551 F.3d 682, 2008 U.S. App. LEXIS 27024, 2008 WL 5401454
CourtCourt of Appeals for the Seventh Circuit
DecidedDecember 30, 2008
Docket07-3402
StatusPublished
Cited by28 cases

This text of 551 F.3d 682 (MAV Mirfasihi v. Fleet Mortgage Corp.) is published on Counsel Stack Legal Research, covering Court of Appeals for the Seventh Circuit primary law. Counsel Stack provides free access to over 12 million legal documents including statutes, case law, regulations, and constitutions.

Bluebook
MAV Mirfasihi v. Fleet Mortgage Corp., 551 F.3d 682, 2008 U.S. App. LEXIS 27024, 2008 WL 5401454 (7th Cir. 2008).

Opinion

POSNER, Circuit Judge.

This class-action suit is before us for the third time; our previous opinions are reported at 356 F.3d 781 (7th Cir.2004), and 450 F.3d 745 (7th Cir.2006). The current appeal like the previous ones presents questions concerning class-action procedure.

The suit was brought eight years ago on behalf of approximately 1.6 million persons whose home mortgages were owned by Fleet Mortgage Corporation. The complaint charges that without their permission Fleet transmitted information about these persons’ finances (plus other personal information, such as phone numbers), obtained from their mortgage files, to telemarketing companies which then, in conjunction with Fleet, used that information and deceptive practices to try to sell them financial and other services that they otherwise would not have been interested in. Fleet’s transmission of the information to the telemarketers was alleged to violate, among other laws, the federal Fair Credit Reporting Act and state consumer protection statutes. Two plaintiff classes were proposed — a “pure” “information-sharing” class of 1.4 million customers of Fleet whose financial information Fleet transmitted to the telemarketers but who did not buy anything from them, and a separate “telemarketing” class composed of 190,000 customers of Fleet who made purchases from the telemarketers. The second class is not directly involved in this appeal.

The parties negotiated a settlement, which the judge approved in 2002 simultaneously with certifying the classes. But he did not explain why he thought certification proper; he merely recited the criteria in Rule 23. The settlement gave nothing to the information-sharing class, while barring its members from bringing individual suits.
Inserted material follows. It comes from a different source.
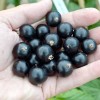 Black Currant  (Ribes nigrum) ZHEMTSCHUZHINA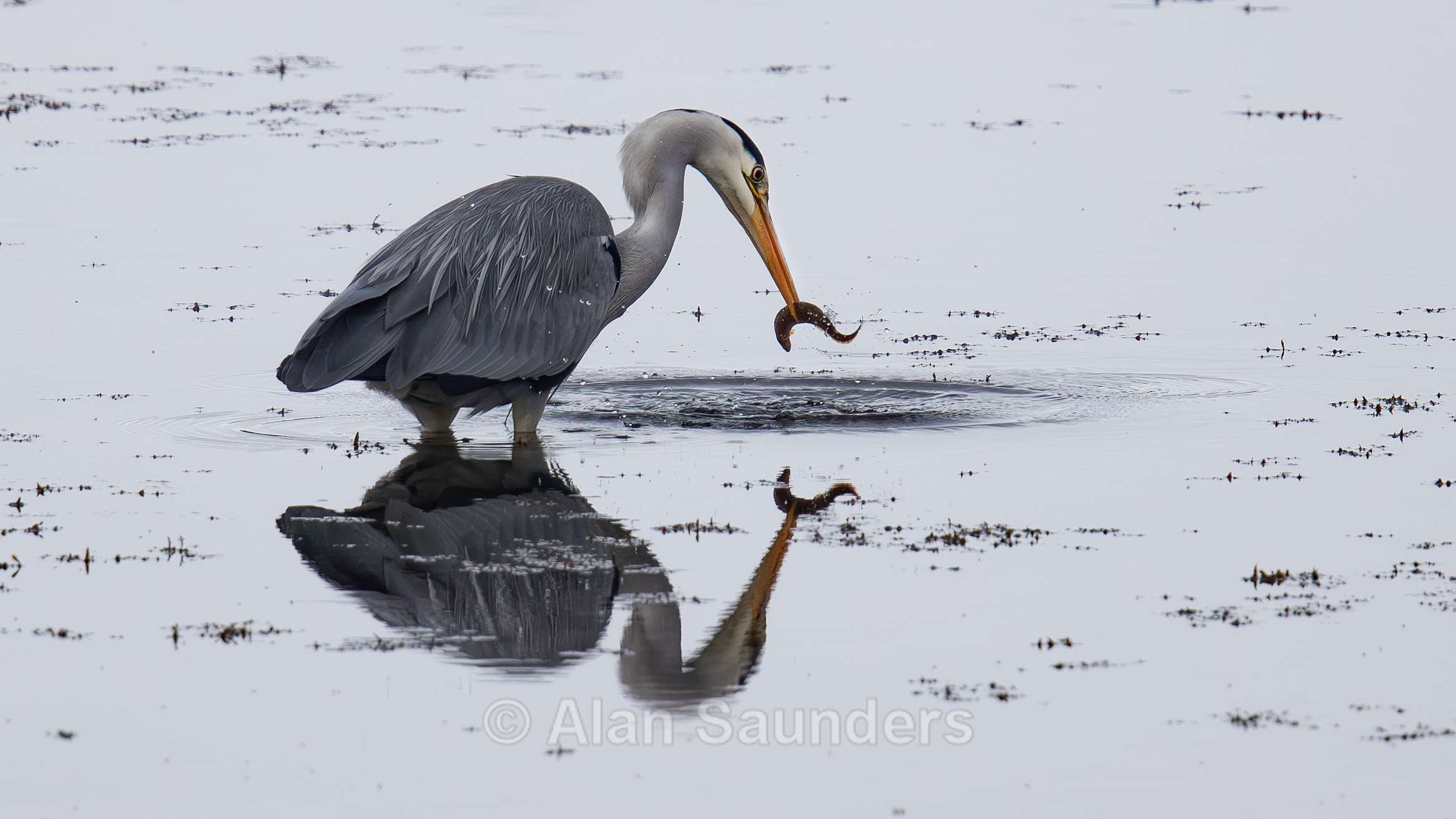 Grey Heron 5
The treatment of that class was one of the grounds for our reversing, at the behest of two class members who had objected to the settlement and intervened in the litigation, the district court’s judgment approving the settlement.

On remand the parties negotiated a new settlement, which the district court (a different judge) approved. This settlement required Fleet to pay to public interest law firms (or other charitable groups) concerned with consumer privacy the $243,000 that Fleet had earned from its sale of information to the telemarketers, plus any of the funds earmarked for the members of the telemarketing class that ended up being unclaimed, minus, however, considerable expenses. As far as the information-sharing class was concerned, the basis of the district judge’s approval of the new settlement, which again gave that class nothing, was that the value of the class members’ claim was zero: they had no chance of obtaining damages if the case went to trial and judgment.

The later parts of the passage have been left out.